Data listing.
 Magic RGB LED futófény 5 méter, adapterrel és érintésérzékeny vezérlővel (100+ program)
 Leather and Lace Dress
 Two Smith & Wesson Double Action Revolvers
==
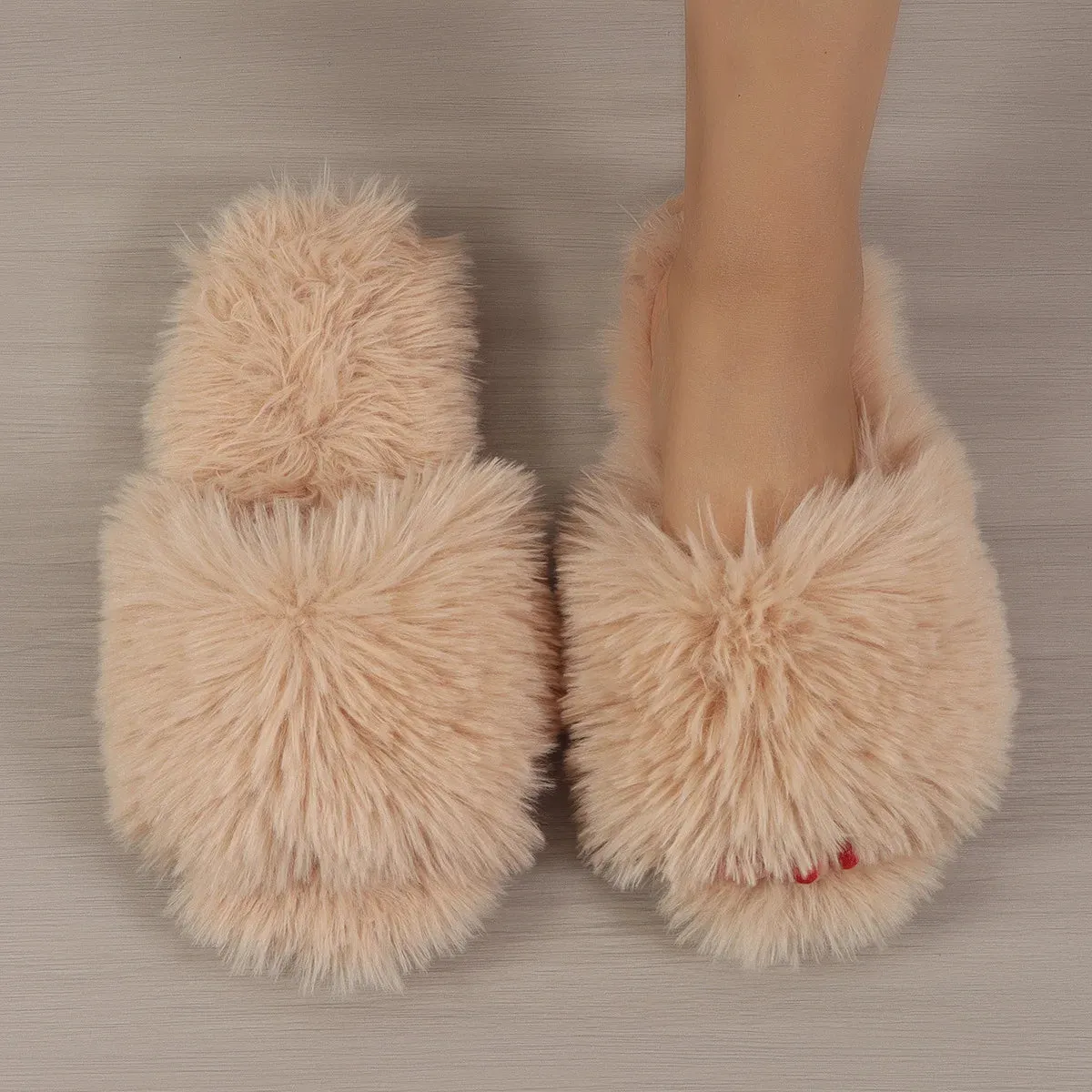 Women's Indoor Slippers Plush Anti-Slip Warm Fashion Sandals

Work required.
Reproduce verbatim only the segment of the listing bounded by the line containing "Leather and Lace Dress" and the line containing "Two Smith & Wesson Double Action Revolvers", with both boundary lines included.

Task solution.
 Leather and Lace Dress
 Two Smith & Wesson Double Action Revolvers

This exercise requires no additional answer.